The US Supreme Court [official website] ruled [opinion, PDF] unanimously Thursday in Kirtsaeng v. John Wiley & Sons, Inc. [SCOTUSblog materials] on the standard for awarding attorney’s fees under § 505 of the Copyright Act [text]. Under the act, the district court is permitted to use its discretion in awarding attorney’s fees to a prevailing party in a copyright action. The Second Circuit affirmed [opinion, PDF] a finding that John Wiley’s course of action in challenging Kirtsaeng’s use of copyrighted material was objectively reasonable, but the Supreme Court sent the case back to the lower court:
Section 505 of the Copyright Act provides that a district court “may … award a reasonable attorney’s fee to the prevailing party.” … The question presented here is whether a court, in exercising that authority, should give substantial weight to the objective reasonableness of the losing party’s position. The answer, as both decisions below held, is yes—the court should. But the court must also give due consideration to all other circumstances relevant to granting fees; and it retains discretion, in light of those factors, to make an award even when the losing party advanced a reasonable claim or defense. Because we are not certain that the lower courts here understood the full scope of that discretion, we return the case for further consideration of the prevailing party’s fee application.
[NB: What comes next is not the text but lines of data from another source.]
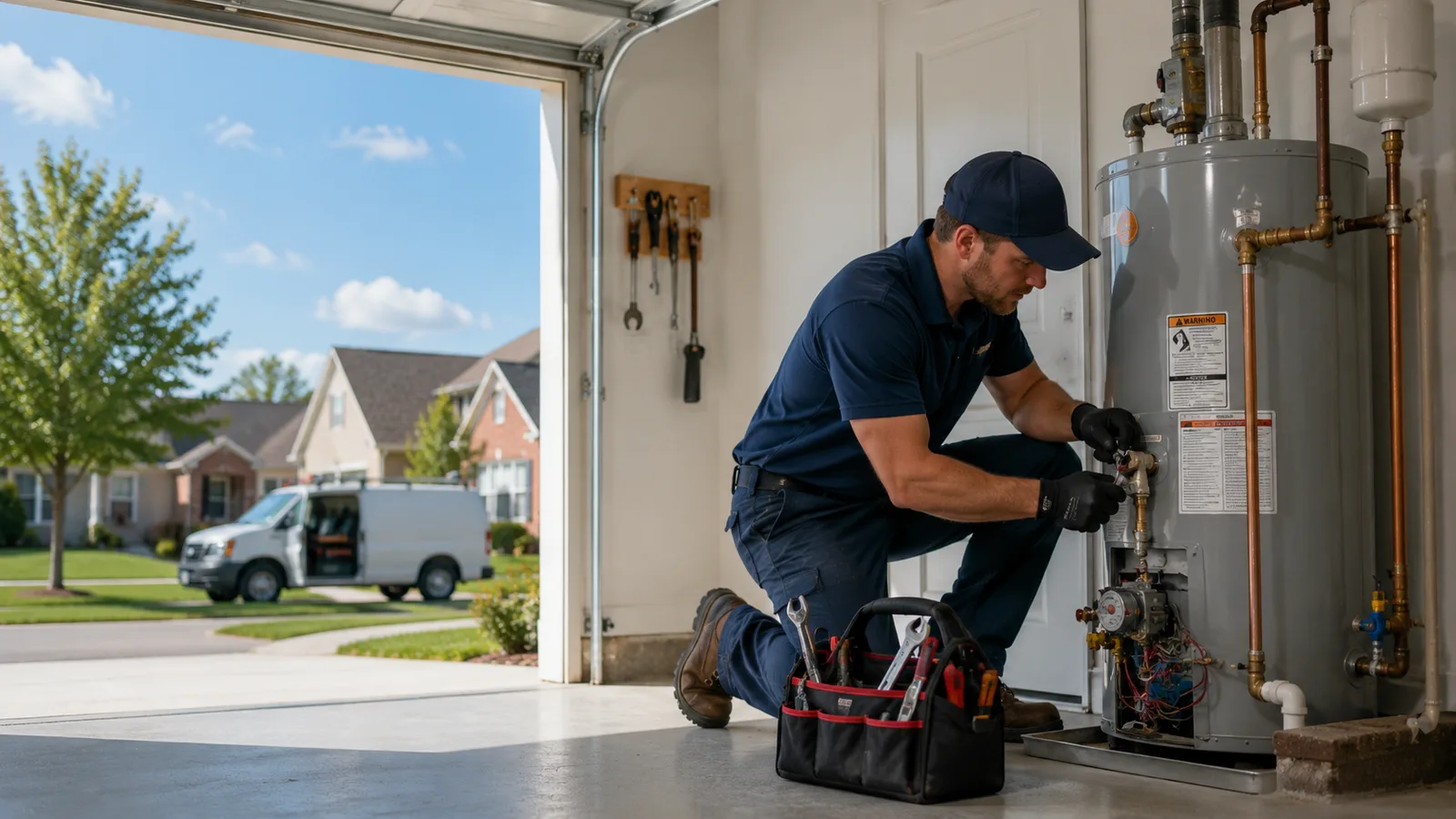 Trusted Water Heater Repair Professionals in Palmdale, CA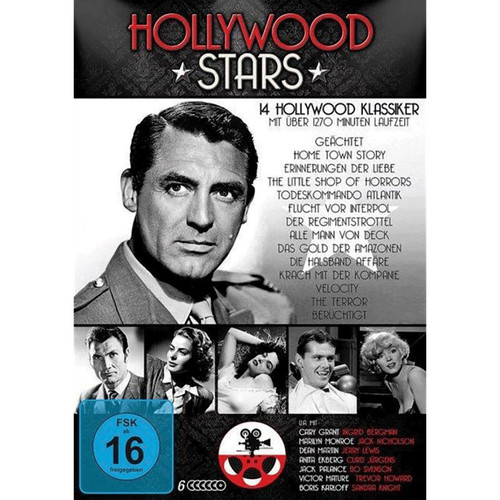 Hollywood stars dvds jerry - stars, [6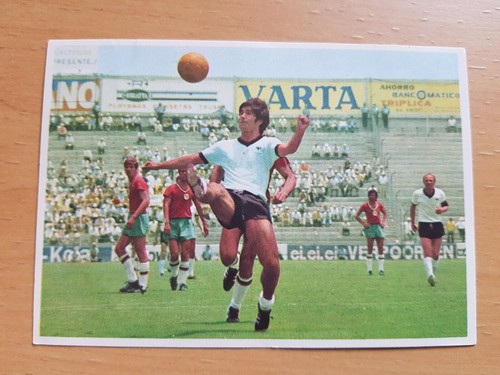 Bergmann fussball gerd - bergmann, 70/71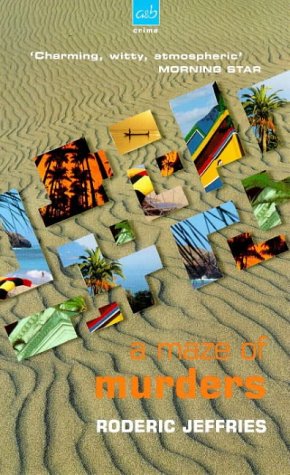 A Maze of Murders book cover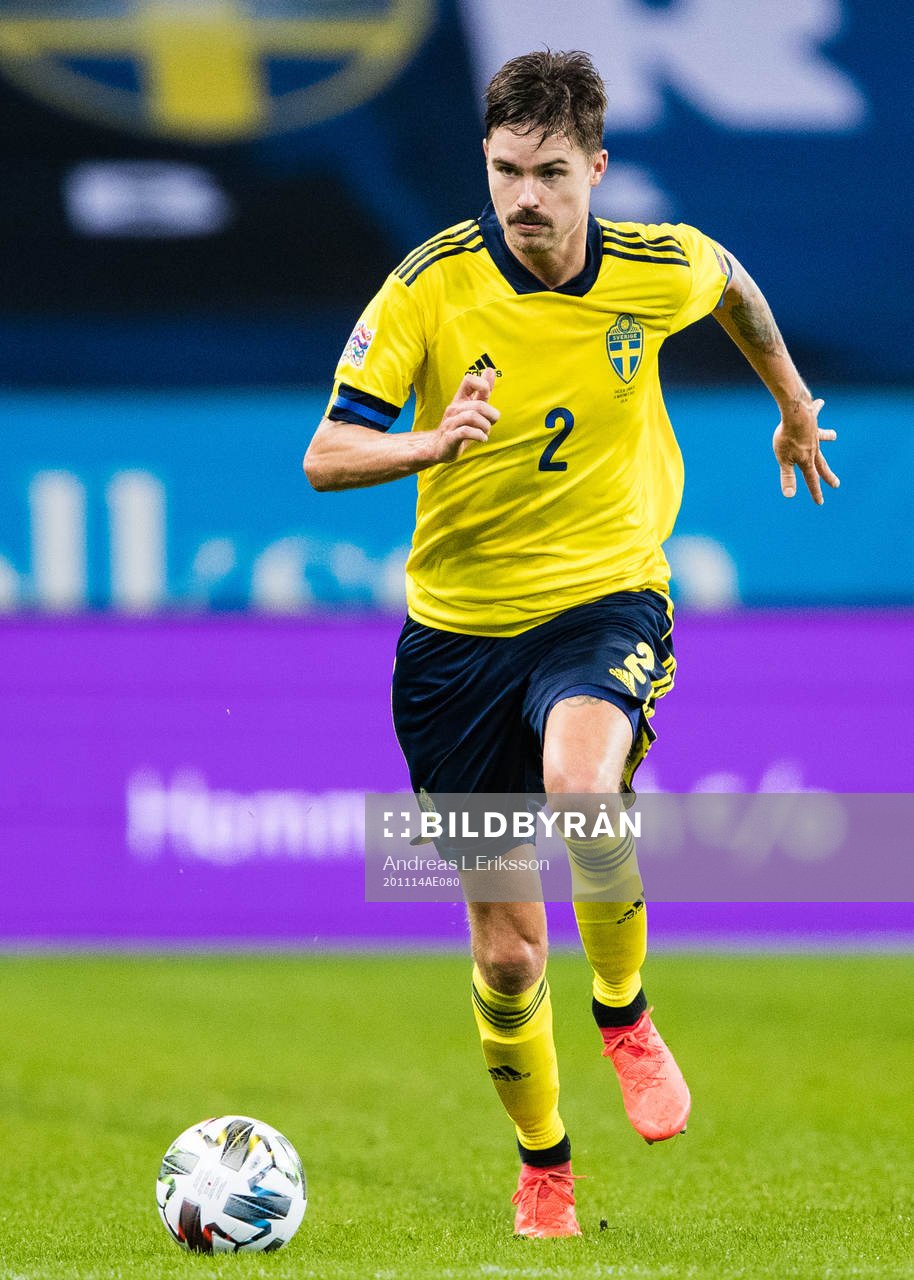 Mikael Lustig of Sweden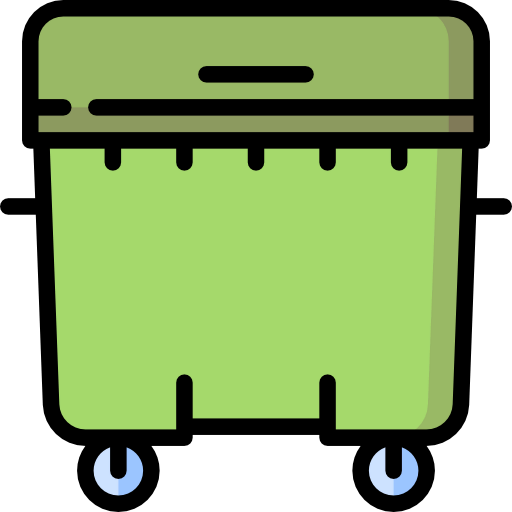 Garbage icon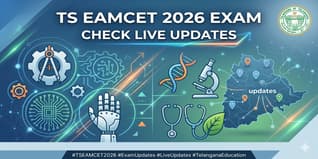 TS EAMCET 2026 Exam Begins- Check Live Updates, Paper Analysis , Question Papers & Solutions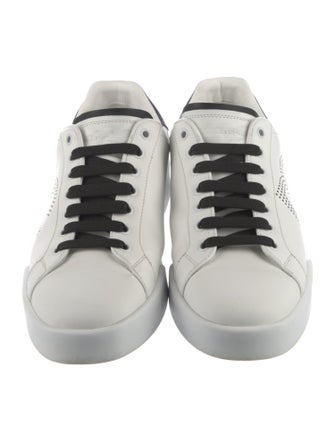 Dolce & Gabbana Leather Sneakers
The court heard oral arguments in this case in April after granting certiorari [JURIST reports] in January.
This is the second time this case has been before the Supreme Court. In 2013 the court ruled [JURIST report] that the “first sale” doctrine [17 USC § 109(a)] applies to imported works. When Supap Kirtsaeng came to study at Cornell University, he realized that the same textbooks his peers used were sold at drastically lower prices in his home country of Thailand. He had his family buy the books for him, and he resold them to classmates, accruing approximately $100,000 in profit.